A legal case for loss and damage liability
Rina Kuusipalo, University of Cambridge
The term ‘loss and damage’ encapsulates an increasing recognition that climate change is causing devastating consequences of a scope we cannot always sufficiently anticipate. Mitigation of further emissions is crucial, and every effort must be made to adapt communities to reasonably foreseeable effects of climate change. But beyond this, ‘loss and damage’ acknowledges that while parties scramble to stop catastrophic climate change, communities are already suffering in the aftermath of its effects.
We know that the most burdensome impacts of climate change fall unduly on least developed countries, and communities that have the fewest resources to aid in recovery from such events. The most recent report from the Intergovernmental Panel on Climate Change (IPCC) confirmed both the manmade nature of climate change, as well as the devastating impact of climate change on the Global South. Vulnerable countries and groups are the claimants of loss and damage: claiming both irretrievable ‘loss’ (such as that of human lives, extinct species, and dead ecosystems) as well as ‘damage’ to things that are broken but still repairable (such as damage to infrastructure).

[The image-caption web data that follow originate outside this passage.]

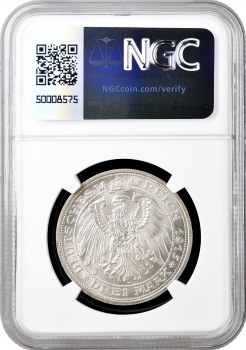 Мекленбург-Шверин 3 марки 1915 г., NGC MS63, "100 лет Великому Герцогству Мекленбург-Шверин"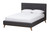 Baxton Studio Valencia Mid-Century Modern Dark Grey Fabric Upholstered Queen Size 2-Piece Bedroom Set BBT6662-Dark Grey-Queen-2PC Set By Wholesale Interiors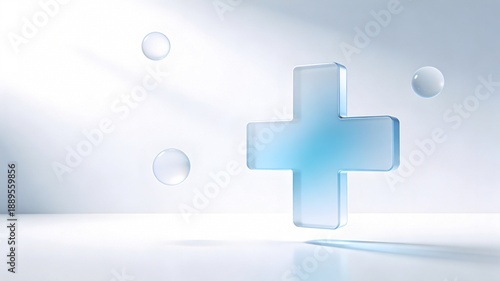 Glassy Plus Sign with Bubbles Still Life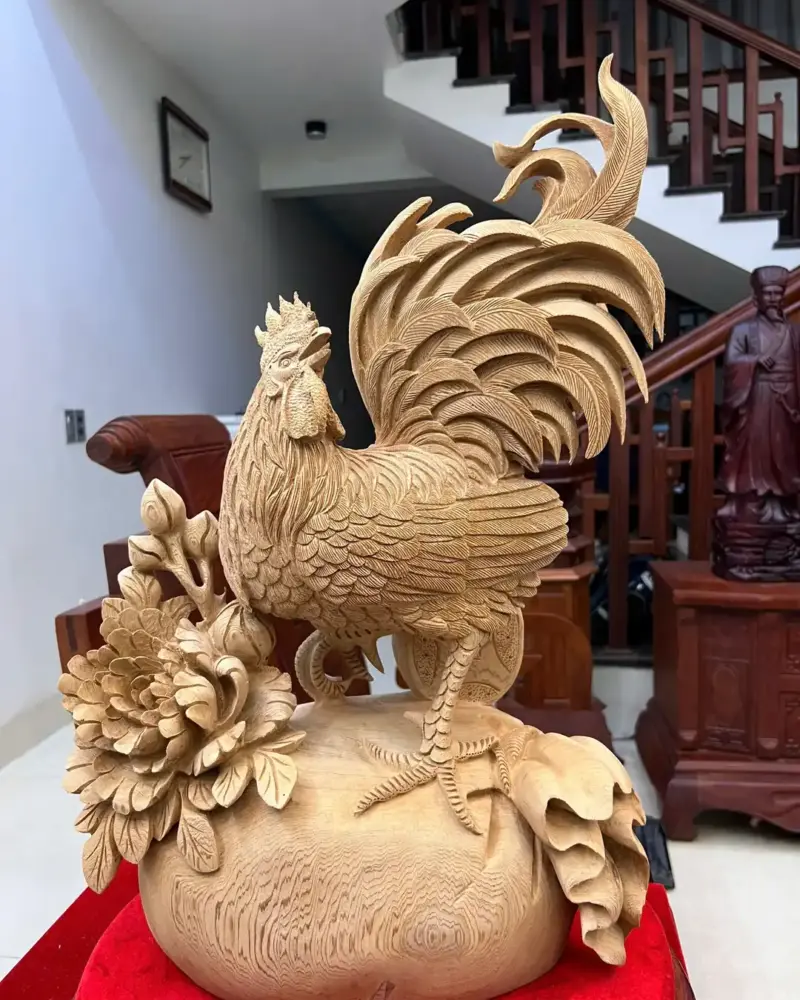 Tượng Nhất Kê Đứng Bao Tiền Gỗ Ngọc Am Hàng Kỹ Liền Khối G5067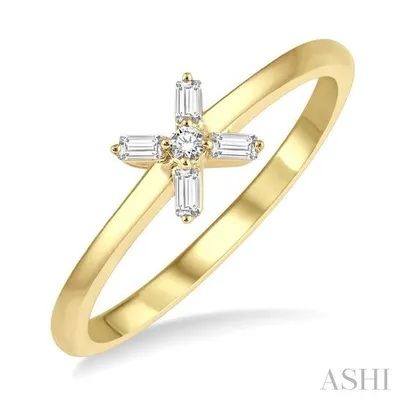1/10 Ctw Cross Baguette and Round Cut Diamond Petite Fashion Ring in 10K Yellow Gold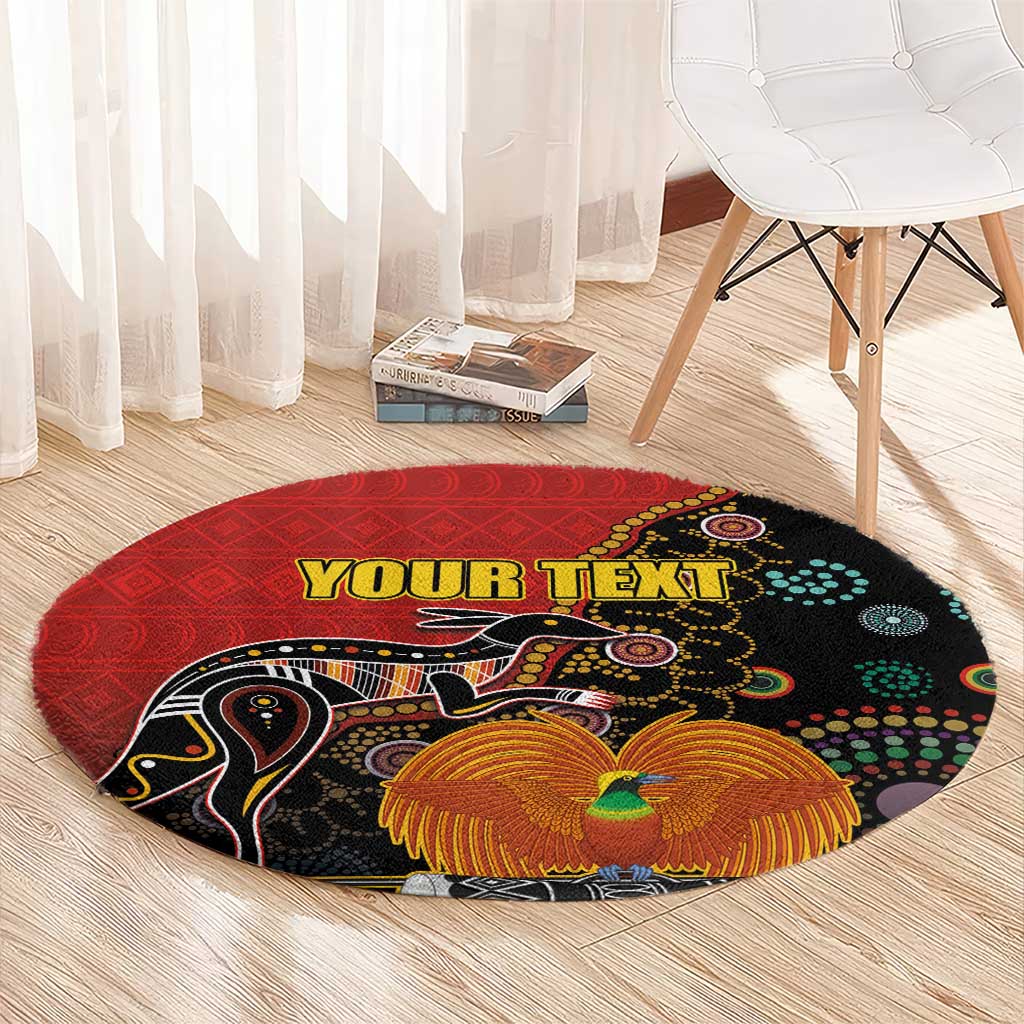 Personalised Papua New Guinea and Australia Together Round Carpet Bird-of-paradise and Kangaroo with Aboriginal Pattern LT03 - Polynesian Pride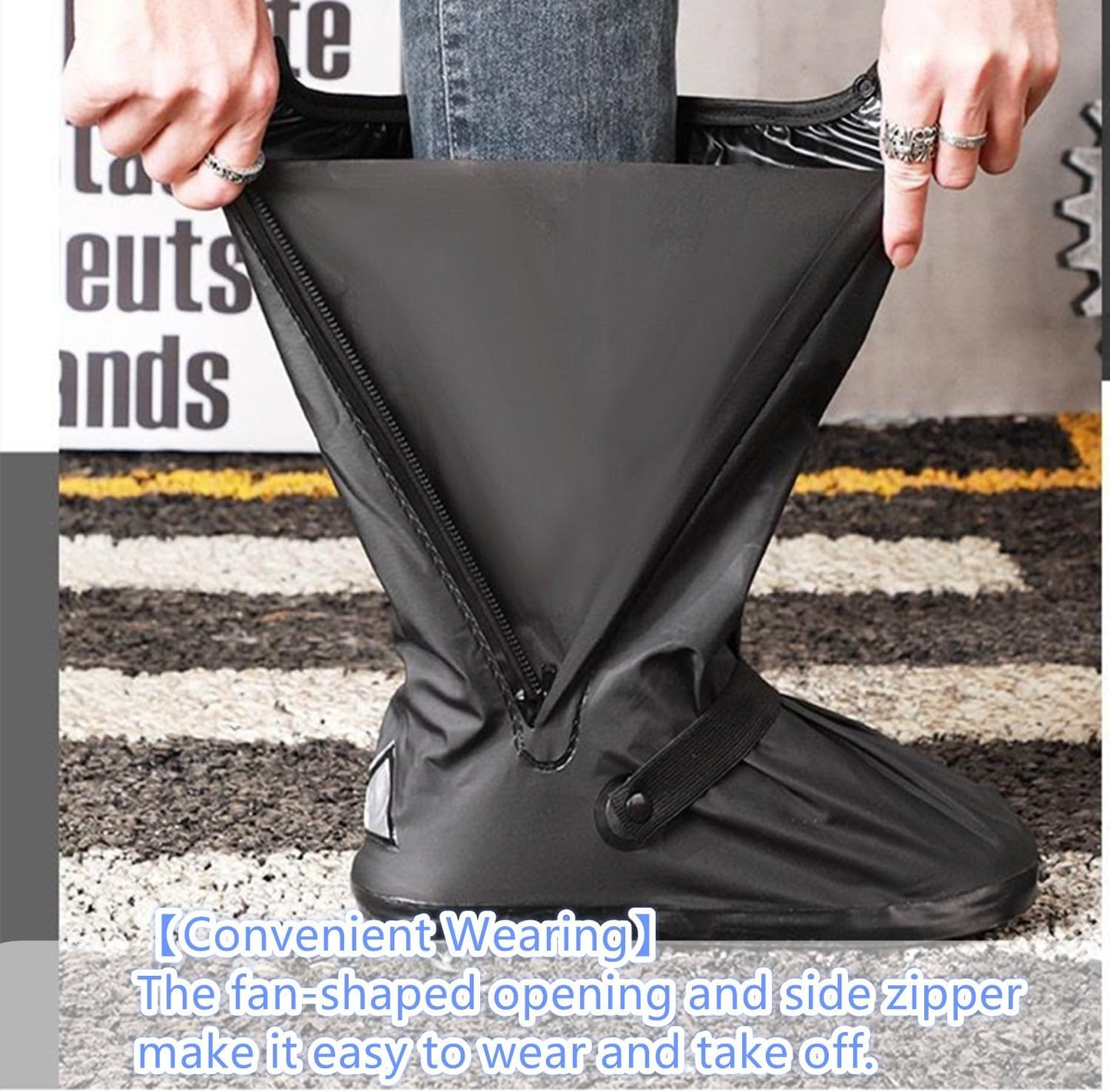 Waterproof Rain Boot Shoe Covers with Reflector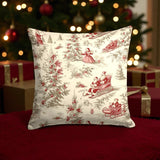 Vintage Toile de Jouy Christmas Throw Pillow Cover, Winter Sleigh Ride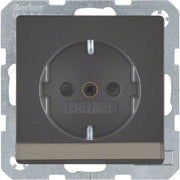 Berker - Steckdose SCHUKO-Steckdose anth/sa 41496086 m. Beschriftungsfeld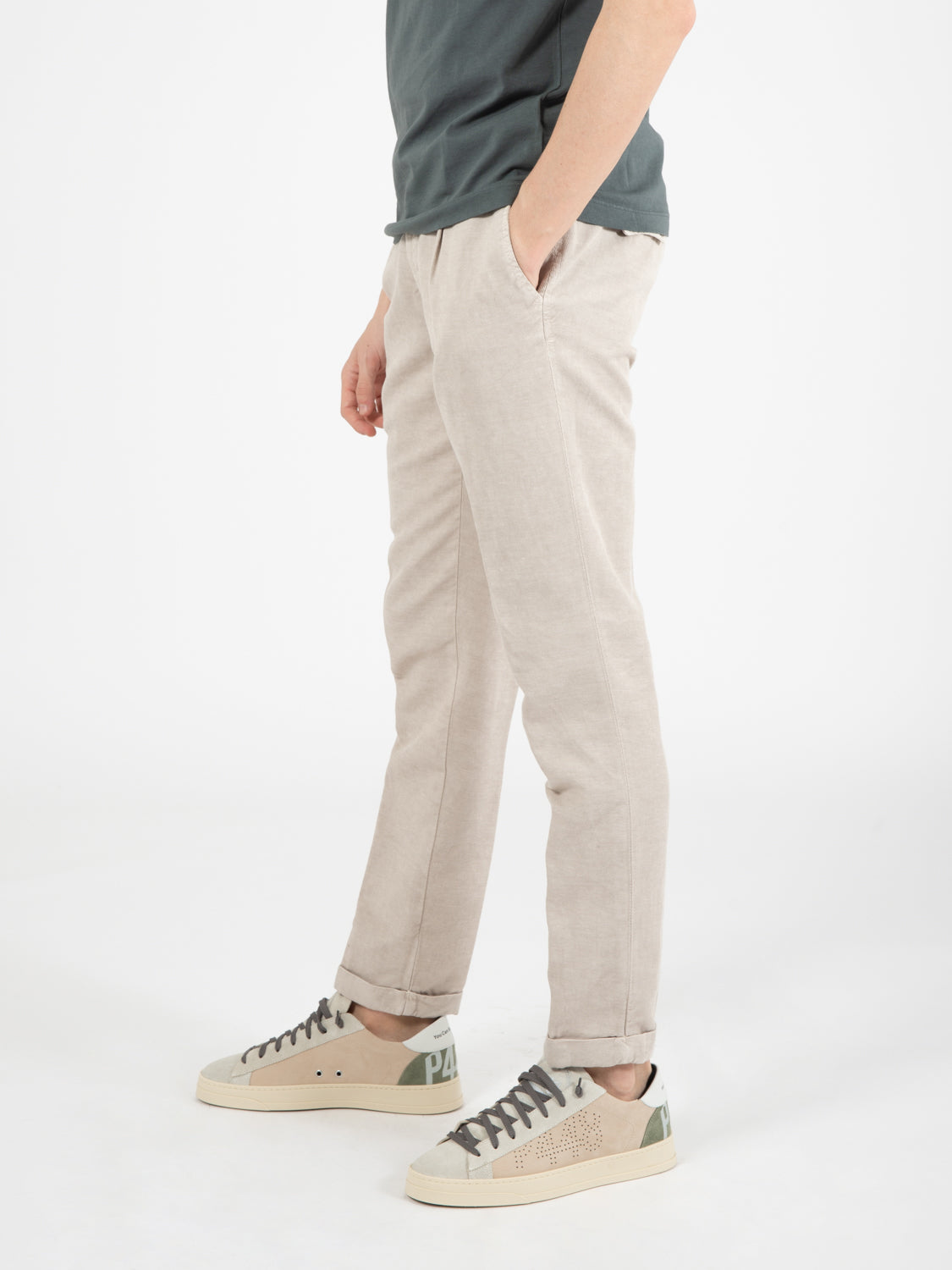Pantaloni Zeus in lino e cotone fango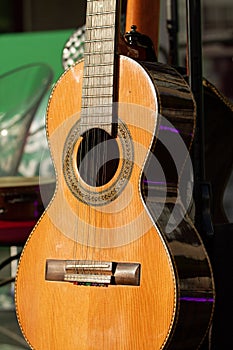 Brazilian 10 strings guitar resting before the show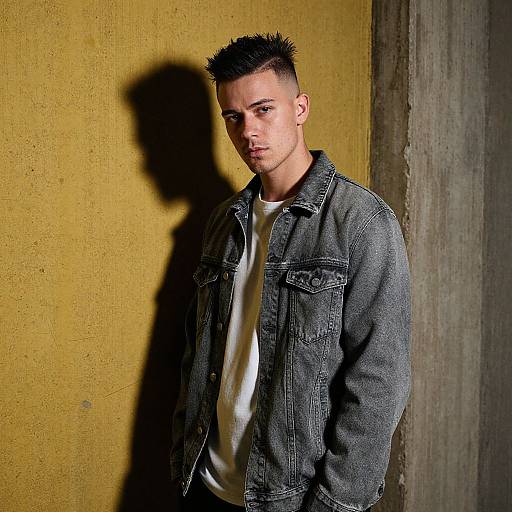 Photograph of a young man with short, spiked black hair, wearing a gray denim jacket over a white shirt, standing against a yellow and gray textured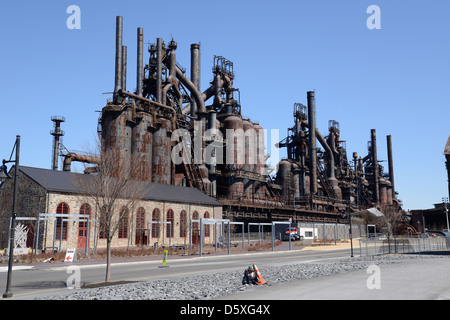 L'ancienne usine de Bethlehem Steel à Bethlehem, Pennsylvanie. A une certaine époque, c'était la deuxième plus grande usine de fabrication d'acier, Banque D'Images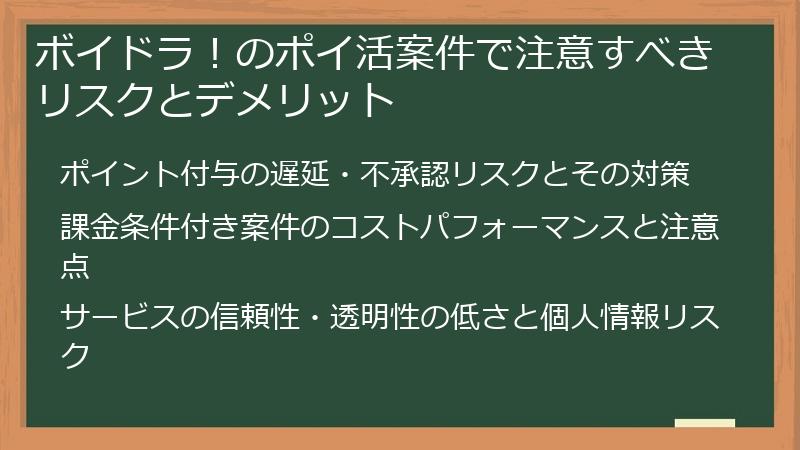 ボイドラ！のポイ活案件で注意すべきリスクとデメリット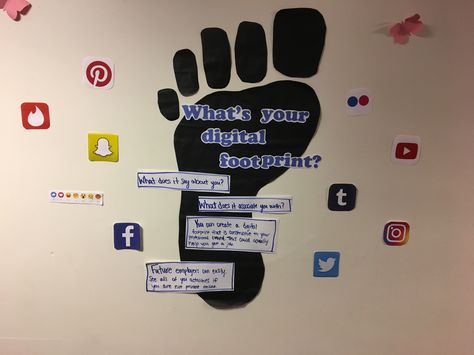 Digital footprint bulletin board Computer Lab Rules, Lab Rules, Digital Citizenship, Digital Footprint, Computer Lab, Foot Print, Bulletin Board, Classroom Decor, Lab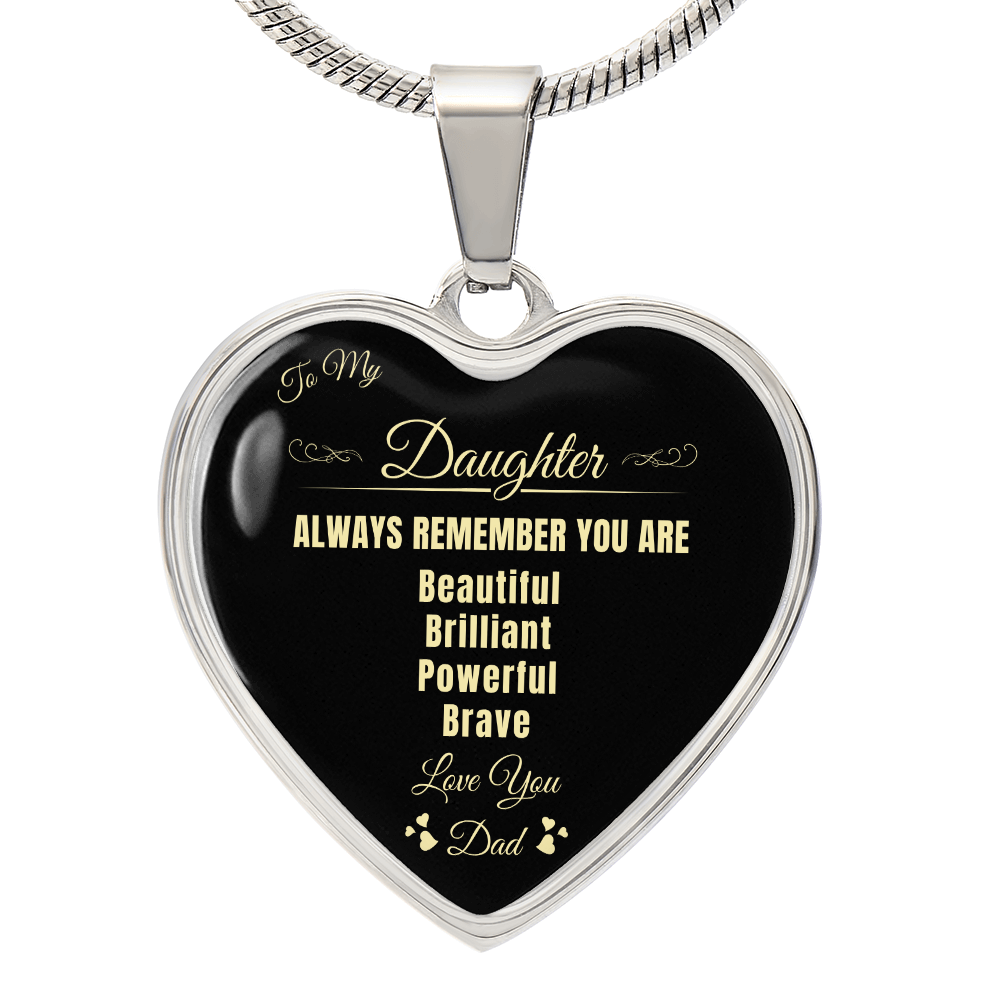 To My Daughter | Always Remember You Are | Luxury Graphic Heart Necklace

Apart from extreme events such as heat waves and floods, ‘loss and damage’ also encompasses ‘slow-onset’ phenomena such as rising sea levels, which threatens countries like Kiribati and Tuvalu. The need to address economic and non-economic loss, such as loss of cultural identity and heritage, in such contexts is apparent. Moreover, potential victims or survivors of climate change induced traumas ought to be included in the process of legally codifying ‘loss and damage.’
The international community has attempted to respond to climate crises under the UN Framework Convention on Climate Change (UNFCCC). While countries have nominally committed to climate finance, contributions, have not been sufficient to kick-start the Green Climate Fund, or to begin compensating the survivors of climatic events. The ‘loss and damage’ framework might help in this effort to safeguard resources for compensation and insurance for future catastrophic events by framing contributions not as charity, but as liability owed. An approach based upon the enforcing of legal obligation has the advantage of not being as dependent on the whims of fluctuating government opinions.
One fitting way to conceive liability would be as ‘reparations’ for damage: liability reflecting the proportional responsibility of countries for historically accumulated and presently manifesting emissions. Framing the liability in this way could avoid the issue of legal time limitations. The defendants in such a case would be wealthier, developed nations, whose contributions to fossil fuel emissions have accounted for roughly three-quarters of the total emissions since the industrial revolution. Despite current trends in the Global South, the per capita emissions in a wealthy country still remain multifold compared to a person in China or India.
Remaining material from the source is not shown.